### WHAT YOU WILL DO
If the records below hold pictures, omit them, and print exactly the lines from the first line through the line containing "Bagno di Casa", inclusive.

Pictures with short captions
>>>>

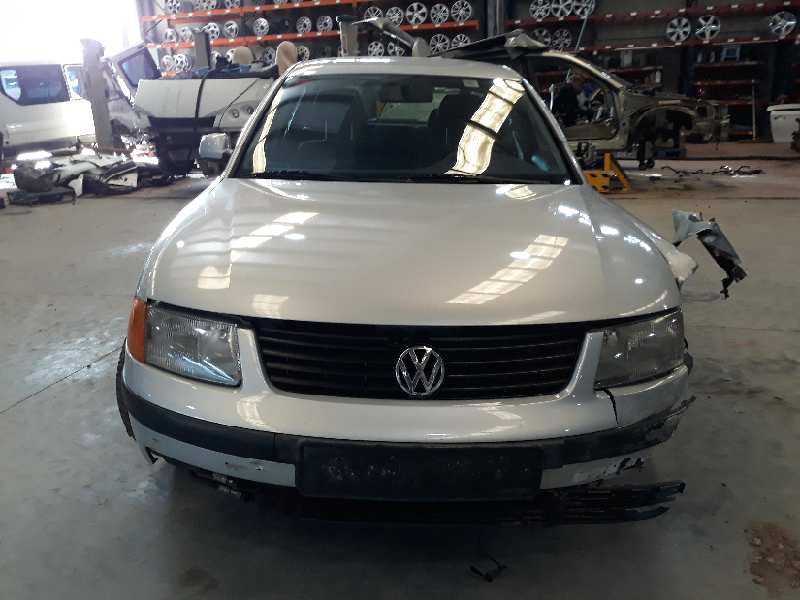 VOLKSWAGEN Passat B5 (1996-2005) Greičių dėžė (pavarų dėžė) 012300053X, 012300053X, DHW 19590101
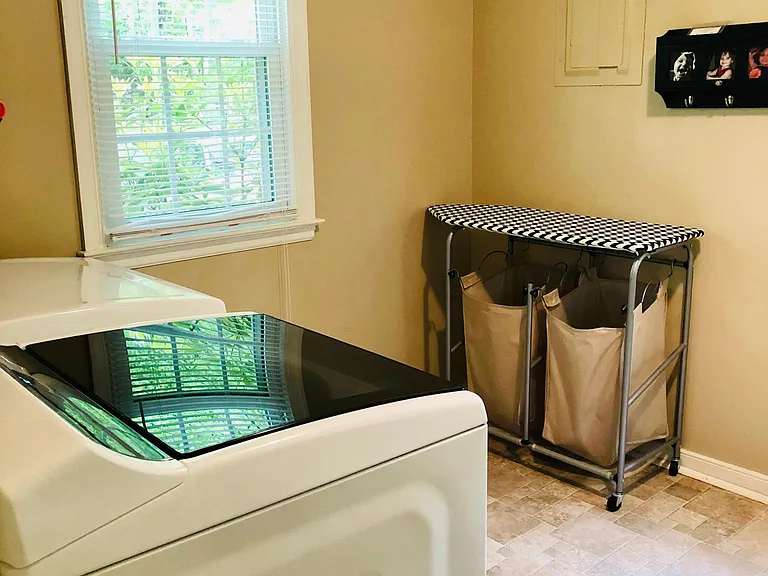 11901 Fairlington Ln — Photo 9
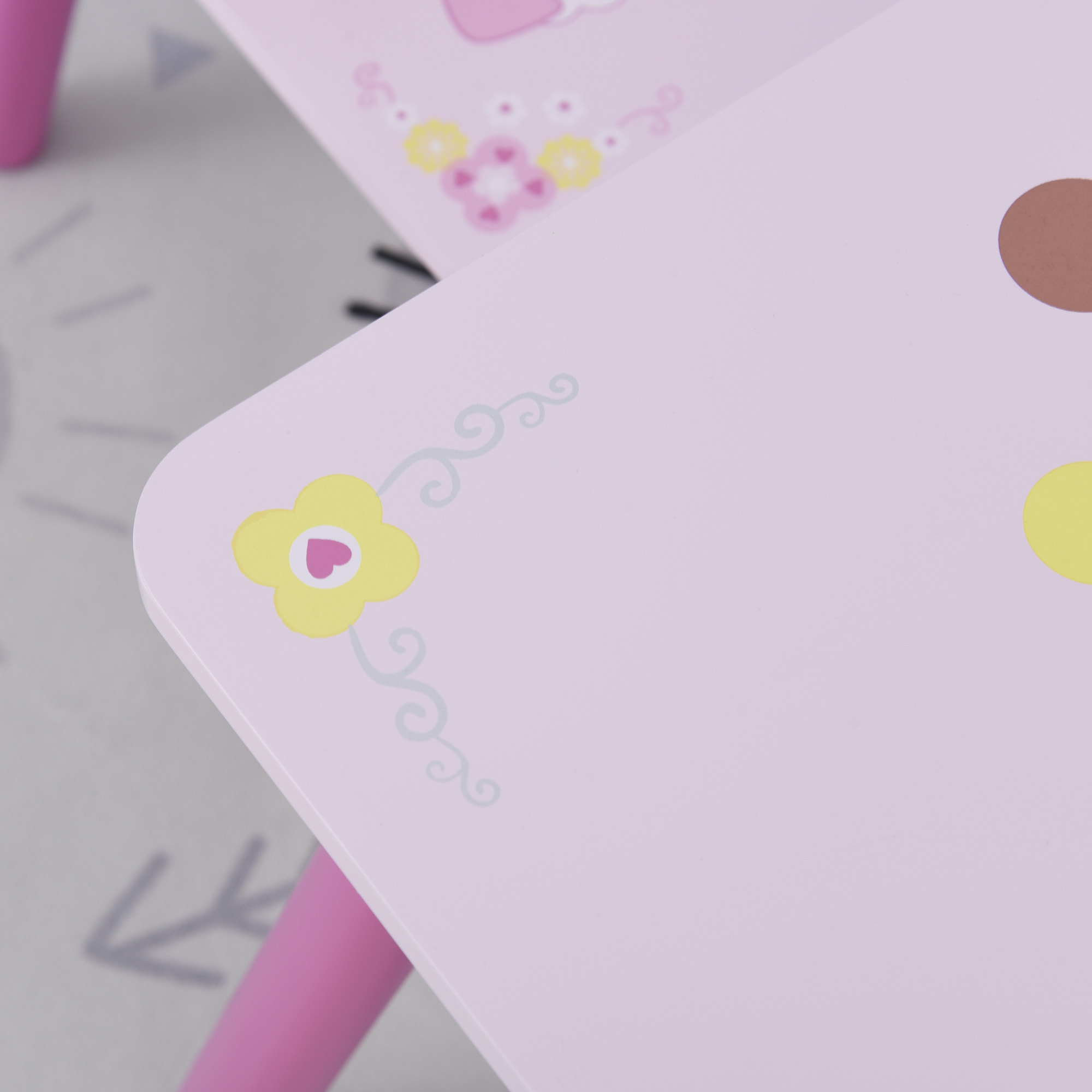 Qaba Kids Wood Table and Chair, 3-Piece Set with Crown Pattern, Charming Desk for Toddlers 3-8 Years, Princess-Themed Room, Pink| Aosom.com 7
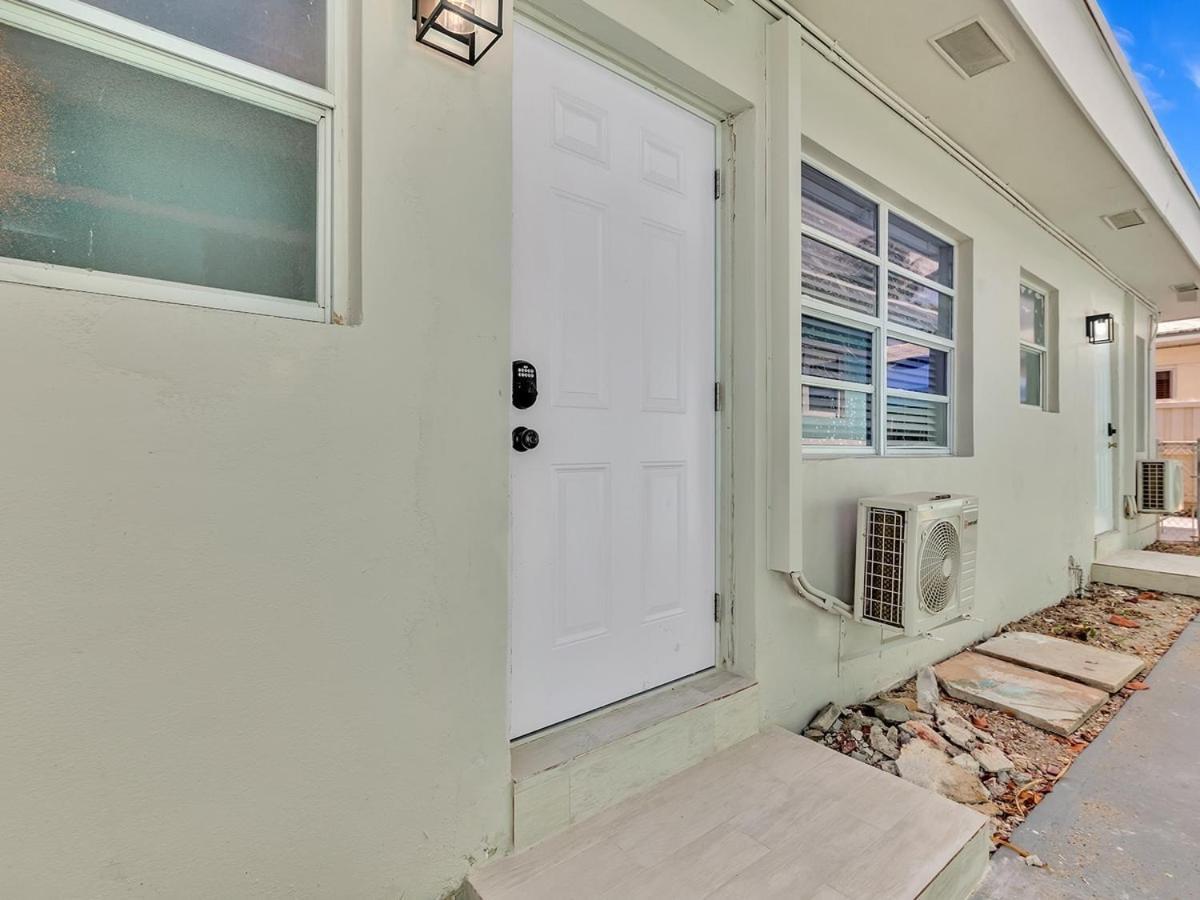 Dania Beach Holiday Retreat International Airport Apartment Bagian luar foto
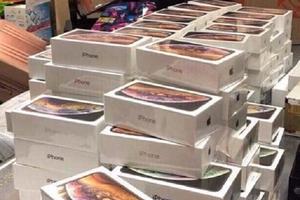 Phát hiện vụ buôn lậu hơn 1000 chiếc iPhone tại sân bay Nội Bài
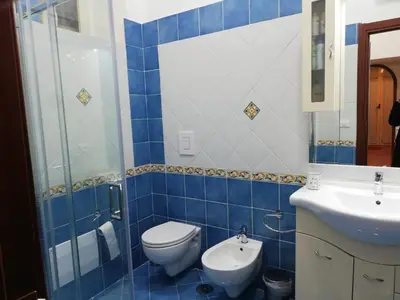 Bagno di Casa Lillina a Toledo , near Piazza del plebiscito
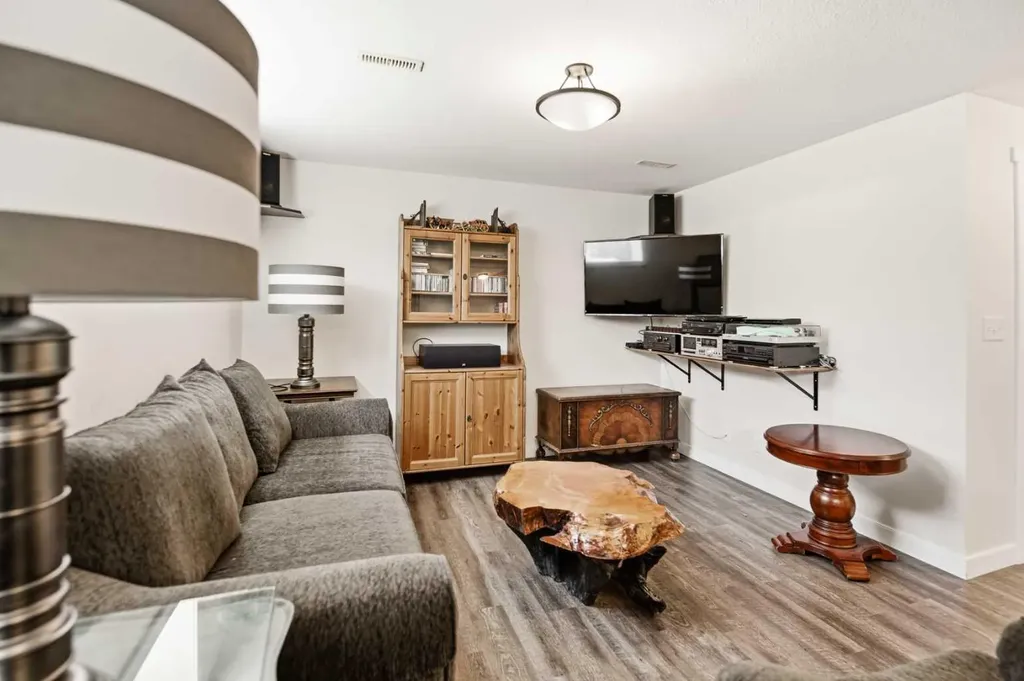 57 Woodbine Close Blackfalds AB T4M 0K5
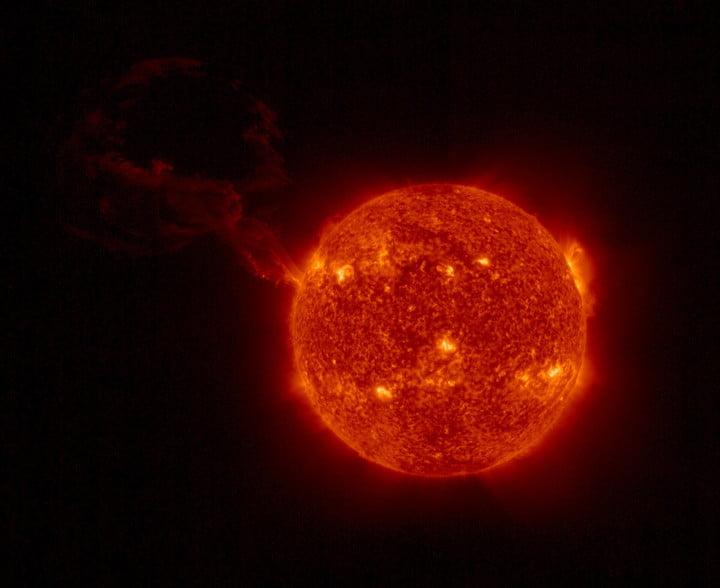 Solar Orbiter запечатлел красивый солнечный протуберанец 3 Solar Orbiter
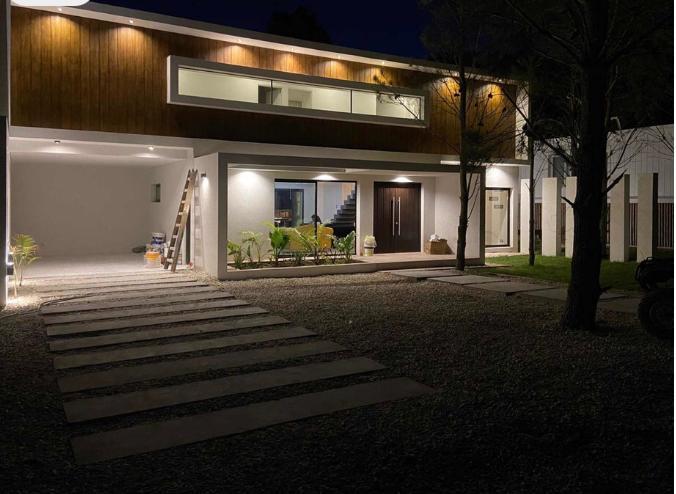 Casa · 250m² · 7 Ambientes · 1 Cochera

<<<<

### EXPECTED ANSWER
 VOLKSWAGEN Passat B5 (1996-2005) Greičių dėžė (pavarų dėžė) 012300053X, 012300053X, DHW 19590101
 11901 Fairlington Ln — Photo 9
 Qaba Kids Wood Table and Chair, 3-Piece Set with Crown Pattern, Charming Desk for Toddlers 3-8 Years, Princess-Themed Room, Pink| Aosom.com 7
 Dania Beach Holiday Retreat International Airport Apartment Bagian luar foto
 Phát hiện vụ buôn lậu hơn 1000 chiếc iPhone tại sân bay Nội Bài
 Bagno di Casa Lillina a Toledo , near Piazza del plebiscito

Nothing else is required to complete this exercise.